Automated testing to boost recipy’s confidence

Posted by s.aragon on 15 August 2016 - 2:18pm

By Mike Jackson, Software Architect

A major challenge to reproducibility in computational science is the effort that is required to keep track of provenance and to make research that relies upon code more reproducible. recipy provides an almost effortless way to track provenance in Python. I am working with recipy’s developers—Software Sustainability Institute fellow Robin Wilson and Janneke van der Zwaan of Geography and Environment at the University of Southampton—to develop an automated test suite for recipy as a precursor to expanding the development of recipy and promoting recipy more widely.

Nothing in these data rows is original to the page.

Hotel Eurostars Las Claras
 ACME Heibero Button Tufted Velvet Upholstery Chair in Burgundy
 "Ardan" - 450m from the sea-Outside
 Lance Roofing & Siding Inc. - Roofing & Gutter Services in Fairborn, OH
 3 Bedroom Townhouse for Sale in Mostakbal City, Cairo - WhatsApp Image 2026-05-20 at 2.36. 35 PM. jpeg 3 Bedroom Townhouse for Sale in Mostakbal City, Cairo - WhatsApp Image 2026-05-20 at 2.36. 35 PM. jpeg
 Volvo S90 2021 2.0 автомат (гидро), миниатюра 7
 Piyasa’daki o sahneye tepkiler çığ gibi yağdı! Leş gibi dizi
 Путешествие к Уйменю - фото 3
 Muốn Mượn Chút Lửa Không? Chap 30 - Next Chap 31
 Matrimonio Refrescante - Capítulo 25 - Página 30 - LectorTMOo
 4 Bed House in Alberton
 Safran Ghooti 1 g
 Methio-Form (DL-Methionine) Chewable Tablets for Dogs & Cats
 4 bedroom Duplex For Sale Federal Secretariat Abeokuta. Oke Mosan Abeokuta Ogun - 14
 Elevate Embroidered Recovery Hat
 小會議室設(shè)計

recipy is an open source Python module package hosted on GitHub and released under the open source Apache License Version 2.0. It is available via this repository or as a Python package that can be installed via Python’s pip package manager. Once a researcher has installed recipy, all they have to do is add “import recipy” at the top of their Python scripts, and all of their inputs, outputs and code will be logged in an easily-searchable database. The researcher can then easily go back to the database in the future and say “How did I produce graph.png?”, and recipy will tell them exactly what code they ran, what versions of what Python libraries they used, and what input files were used to produce what output files. recipy can be used by any research community in any field which uses computational tools written in Python as part of their research.

recipy provides wrappers for Python packages which are then invoked when Python loads these packages. This allows information about the package versions, as well as calls to their input and output functions, to be logged. At present, support is provided for a range of scientific Python package including SciPy, Pillow, scikit-learn, scikit-image, NiBabel and the Geospatial Data Abstraction Library. Wrappers for any package can be added. Provenance information is stored as JSON documents within TinyDB, a pure Python database.

recipy was first developed at the Institute’s Collaborations Workshop 2015 Hack Day by Robin, Janneke and Raquel Alegre, where it won the Hack Day Prize. Reception to recipy has been very positive: a talk given by Robin on recipy at EuroSciPy 2015 won the Best Presentation prize; a recipy entry on Python subreddit was top-voted, and recipy’s GitHub repository currently has 16 forks and 243 stars. Robin gave a demostration of the current version of recipy at the Institute’s Collaborations Workshop 2016:

Robin and Janneke wish to capitalise on this interest and engage with researchers, to increase the number of researchers who use recipy, to increase recipy's “bus factor” (the number of people who understand how recipy works and how to develop it) and to allow the development to be driven by the research community, and undertaken by research software engineers, regardless of location.

recipy’s GitHub repository is starting to get significant numbers of pull requests with feature additions and/or bug fixes. Robin and Janneke also have plans for new features. In addition, they launched a survey to help determine how development of recipy should proceed. However, Robin and Janneke are wary about implementing new features, or merging pull requests, as they are concerned these may break recipy’s existing functionality.

Our collaboration seeks to overcome this barrier to development and more widespread promotion by developing an automated test framework for recipy, which can be run locally or using a continuous integration server. Since recipy is multi-platform, this automated test suite will run under the same environments that recipy does. We will be using both Travis CI and AppVeyor hosted continuous integration services to run the test framework under both Linux and Windows operating systems.

Providing an automated test framework can reduce the risk incurred by Robin and Janneke, and other developers, that new features or enhancements lead to bugs being introduced into recipy and remain undetected until recipy is used. This would, in turn, give Robin and Janneke the confidence to promote recipy more widely.

recipy should be as flexible and broadly applicable as possible, so it should be easy to use, extend and customise; e.g. to provide a rich yet easy-to-use command-line interface, to provide a graphical user interface, to support recording provenance from new Python modules, or to support different databases for recording provenance. We will review recipy’s implementation and make suggestions as to how its usability, modularity and extensibility can be improved.

recipy has the potential to significantly benefit the research community in any field which uses computational tools written in Python to enable research. This is a very broad community, encompassing fields as diverse as history, neurology, geography and engineering, all of whom could benefit from the automatic provenance tracking provided by recipy. This collaboration contributes to evolving recipy into a more robust tool with which researchers can have confidence. I look forward to reporting on progress.